#### What is needed:
Would you write out all the records again, exactly?

*** Excerpted records ***

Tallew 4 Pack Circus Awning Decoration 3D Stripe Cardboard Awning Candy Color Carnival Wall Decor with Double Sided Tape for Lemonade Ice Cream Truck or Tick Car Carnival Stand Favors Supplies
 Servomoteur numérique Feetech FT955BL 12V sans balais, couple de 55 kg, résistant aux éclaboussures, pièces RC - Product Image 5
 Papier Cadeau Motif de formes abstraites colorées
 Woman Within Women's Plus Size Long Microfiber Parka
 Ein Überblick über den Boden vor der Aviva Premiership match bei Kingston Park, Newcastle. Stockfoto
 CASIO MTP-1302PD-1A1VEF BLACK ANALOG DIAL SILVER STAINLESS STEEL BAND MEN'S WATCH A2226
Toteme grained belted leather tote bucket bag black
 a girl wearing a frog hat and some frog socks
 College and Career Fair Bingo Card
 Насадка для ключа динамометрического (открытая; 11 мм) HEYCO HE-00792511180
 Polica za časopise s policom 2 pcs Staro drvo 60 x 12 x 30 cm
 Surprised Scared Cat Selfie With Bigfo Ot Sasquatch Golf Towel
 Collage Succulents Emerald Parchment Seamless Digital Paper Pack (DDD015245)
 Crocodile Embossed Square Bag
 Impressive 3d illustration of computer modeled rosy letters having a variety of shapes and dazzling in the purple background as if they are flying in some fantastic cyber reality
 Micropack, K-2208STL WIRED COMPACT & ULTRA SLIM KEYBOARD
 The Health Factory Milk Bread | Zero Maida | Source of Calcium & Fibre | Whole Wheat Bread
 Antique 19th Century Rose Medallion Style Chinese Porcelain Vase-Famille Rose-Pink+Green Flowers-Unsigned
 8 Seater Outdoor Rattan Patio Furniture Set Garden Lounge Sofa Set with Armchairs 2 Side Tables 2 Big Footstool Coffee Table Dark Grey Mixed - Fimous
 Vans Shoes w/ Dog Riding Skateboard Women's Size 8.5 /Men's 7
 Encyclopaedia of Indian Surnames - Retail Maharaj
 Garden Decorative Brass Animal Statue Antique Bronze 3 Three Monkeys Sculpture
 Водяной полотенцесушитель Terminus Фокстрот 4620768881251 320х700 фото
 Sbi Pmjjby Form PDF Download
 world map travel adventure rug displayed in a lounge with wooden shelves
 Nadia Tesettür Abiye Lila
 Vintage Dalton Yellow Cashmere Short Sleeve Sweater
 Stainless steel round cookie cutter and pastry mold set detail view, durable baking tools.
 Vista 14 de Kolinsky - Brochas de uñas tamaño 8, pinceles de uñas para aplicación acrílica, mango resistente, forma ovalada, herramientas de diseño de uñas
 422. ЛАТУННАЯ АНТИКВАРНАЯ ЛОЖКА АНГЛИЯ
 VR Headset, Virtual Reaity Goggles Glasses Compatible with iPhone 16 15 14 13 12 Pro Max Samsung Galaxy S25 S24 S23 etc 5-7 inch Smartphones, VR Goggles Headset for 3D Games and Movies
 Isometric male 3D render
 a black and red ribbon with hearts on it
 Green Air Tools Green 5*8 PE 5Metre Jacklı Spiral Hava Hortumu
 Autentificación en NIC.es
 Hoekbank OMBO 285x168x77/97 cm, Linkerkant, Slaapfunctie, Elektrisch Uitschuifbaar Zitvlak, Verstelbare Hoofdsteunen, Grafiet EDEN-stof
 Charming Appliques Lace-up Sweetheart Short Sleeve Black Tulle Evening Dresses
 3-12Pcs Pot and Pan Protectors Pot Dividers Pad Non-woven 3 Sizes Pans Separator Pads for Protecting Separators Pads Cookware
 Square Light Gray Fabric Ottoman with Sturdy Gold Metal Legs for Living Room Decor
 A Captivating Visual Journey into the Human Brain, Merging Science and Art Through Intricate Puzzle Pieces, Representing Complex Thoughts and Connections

*** End of Excerpted records ***

#### Expected output:
Tallew 4 Pack Circus Awning Decoration 3D Stripe Cardboard Awning Candy Color Carnival Wall Decor with Double Sided Tape for Lemonade Ice Cream Truck or Tick Car Carnival Stand Favors Supplies
 Servomoteur numérique Feetech FT955BL 12V sans balais, couple de 55 kg, résistant aux éclaboussures, pièces RC - Product Image 5
 Papier Cadeau Motif de formes abstraites colorées
 Woman Within Women's Plus Size Long Microfiber Parka
 Ein Überblick über den Boden vor der Aviva Premiership match bei Kingston Park, Newcastle. Stockfoto
 CASIO MTP-1302PD-1A1VEF BLACK ANALOG DIAL SILVER STAINLESS STEEL BAND MEN'S WATCH A2226
Toteme grained belted leather tote bucket bag black
 a girl wearing a frog hat and some frog socks
 College and Career Fair Bingo Card
 Насадка для ключа динамометрического (открытая; 11 мм) HEYCO HE-00792511180
 Polica za časopise s policom 2 pcs Staro drvo 60 x 12 x 30 cm
 Surprised Scared Cat Selfie With Bigfo Ot Sasquatch Golf Towel
 Collage Succulents Emerald Parchment Seamless Digital Paper Pack (DDD015245)
 Crocodile Embossed Square Bag
 Impressive 3d illustration of computer modeled rosy letters having a variety of shapes and dazzling in the purple background as if they are flying in some fantastic cyber reality
 Micropack, K-2208STL WIRED COMPACT & ULTRA SLIM KEYBOARD
 The Health Factory Milk Bread | Zero Maida | Source of Calcium & Fibre | Whole Wheat Bread
 Antique 19th Century Rose Medallion Style Chinese Porcelain Vase-Famille Rose-Pink+Green Flowers-Unsigned
 8 Seater Outdoor Rattan Patio Furniture Set Garden Lounge Sofa Set with Armchairs 2 Side Tables 2 Big Footstool Coffee Table Dark Grey Mixed - Fimous
 Vans Shoes w/ Dog Riding Skateboard Women's Size 8.5 /Men's 7
 Encyclopaedia of Indian Surnames - Retail Maharaj
 Garden Decorative Brass Animal Statue Antique Bronze 3 Three Monkeys Sculpture
 Водяной полотенцесушитель Terminus Фокстрот 4620768881251 320х700 фото
 Sbi Pmjjby Form PDF Download
 world map travel adventure rug displayed in a lounge with wooden shelves
 Nadia Tesettür Abiye Lila
 Vintage Dalton Yellow Cashmere Short Sleeve Sweater
 Stainless steel round cookie cutter and pastry mold set detail view, durable baking tools.
 Vista 14 de Kolinsky - Brochas de uñas tamaño 8, pinceles de uñas para aplicación acrílica, mango resistente, forma ovalada, herramientas de diseño de uñas
 422. ЛАТУННАЯ АНТИКВАРНАЯ ЛОЖКА АНГЛИЯ
 VR Headset, Virtual Reaity Goggles Glasses Compatible with iPhone 16 15 14 13 12 Pro Max Samsung Galaxy S25 S24 S23 etc 5-7 inch Smartphones, VR Goggles Headset for 3D Games and Movies
 Isometric male 3D render
 a black and red ribbon with hearts on it
 Green Air Tools Green 5*8 PE 5Metre Jacklı Spiral Hava Hortumu
 Autentificación en NIC.es
 Hoekbank OMBO 285x168x77/97 cm, Linkerkant, Slaapfunctie, Elektrisch Uitschuifbaar Zitvlak, Verstelbare Hoofdsteunen, Grafiet EDEN-stof
 Charming Appliques Lace-up Sweetheart Short Sleeve Black Tulle Evening Dresses
 3-12Pcs Pot and Pan Protectors Pot Dividers Pad Non-woven 3 Sizes Pans Separator Pads for Protecting Separators Pads Cookware
 Square Light Gray Fabric Ottoman with Sturdy Gold Metal Legs for Living Room Decor
 A Captivating Visual Journey into the Human Brain, Merging Science and Art Through Intricate Puzzle Pieces, Representing Complex Thoughts and Connections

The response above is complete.